Back to overview
Degraded

MachShip Performance / Access issues

Sep 11 at 09:04am AEST
Affected services
MachShip Live API
MachShip Carriers
FusedShip

Resolved
Sep 11 at 09:19pm AEST

Hi All,

This is Mike McKay, the CEO at MachShip.

Firstly, can I thank you all, our valuable customers, for your patience today as we worked to resolve the issues with the "slowness" of the system.

As you know, MachShip is generally a very stable and performant platform and we constantly strive to have our uptime and reliability exceed our customers' expectations. Unfortunately, today we have fallen short with the issues we faced this morning.

Over the weekend, we moved our hosting from one provider to another, much larger provider, to get us ready for future scalability and security requirements.

When moving systems between hosting providers, often there are small differences in the way things work that are not easily identified, and often do not present themselves until there is a significant load on the platform.

As MachShip is B2B software servicing the Australian market, our significant loads are seen primarily in the mornings, between 6am and midday, Melbourne time, as that is when most of the bookings and such are being added by you, our customers.

We moved the platform over to the new hosting on Friday night, and over the weekend we fixed several small issues that we could identify, and worked to do as much testing as we could to try to ensure there would be no issues this morning when the load picked up. Unfortunately, there was still the remaining issue of which we were not aware, which has caused the slowness this morning and into this evening.

Long story short, the issues we faced today were related to our database and in particular, its ability to handle the amount of requests that it needs to during our busy periods. Our new hosting required that we tweak some fairly obscure settings to allow our database to handle that load.
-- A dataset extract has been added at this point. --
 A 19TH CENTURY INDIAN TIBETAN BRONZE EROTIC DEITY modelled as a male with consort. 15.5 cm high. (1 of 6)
Unfortunately, computers (and in particular, virtualised servers) being the extremely technical and at times challenging beasts that they are, even for experts, it took us many hours of trial and error to finally find a fix.
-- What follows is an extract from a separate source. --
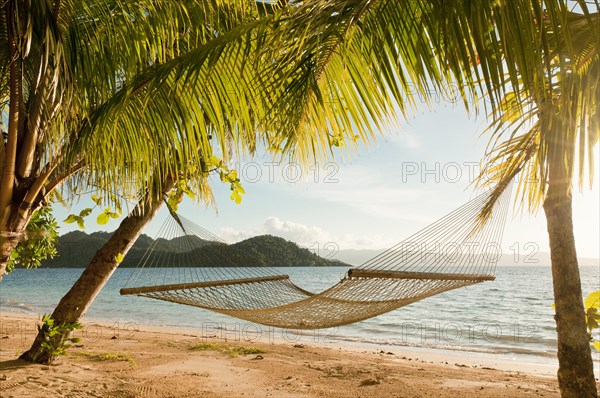 Hammock on beach at Matangi Private Island Resort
Once we found that fix and rolled it out, we saw that the performance of the platform was back to its usual speedy nature, and at that time we have considered the issue as fixed.

We sincerely apologise to you, our customers, and to our extended user base for the inconvenience that this no doubt caused to you today.

Please rest assured that we will continue to closely monitor our systems and whilst we don't anticipate further issues, we will be right on top of them should the pop up.

I would like to take the opportunity to provide some further background as to why we're making the changes we are and what we've changed; here are some of the major changes:

  • We have moved our hosting to Equinix, who is one of the largest datacenter providers in the world, to ensure that we can scale our services effectively infinitely into the future, from both a volume and geographic perspective.
  • We have moved to more advanced storage that will allow us to speed up our systems going forward, and to allow us to have more control and visibility over our underlying infrastructure.
  • We have moved to using BGP for routing traffic into our network, moving us closer to the core internet infrastructure and allowing us to host our services in different places without the need to change our IP addresses going forward.
  • We have placed Cloudflare's enterprise protection services in front of our systems to provide more security and protection from attacks such as DDoS.
  • We moved our services from a Melbourne location to Equinix's Sydney datacenter, as step one of our move.
  • We will be, in the near future, having a full copy of our systems and data running in Equinix's Melbourne datacenter, to provide physical redundancy.
  • We have different internet providers in both sites to ensure that no problems with a single internet provider can bring MachShip down, and so that we can route around those issues if that ever does happen.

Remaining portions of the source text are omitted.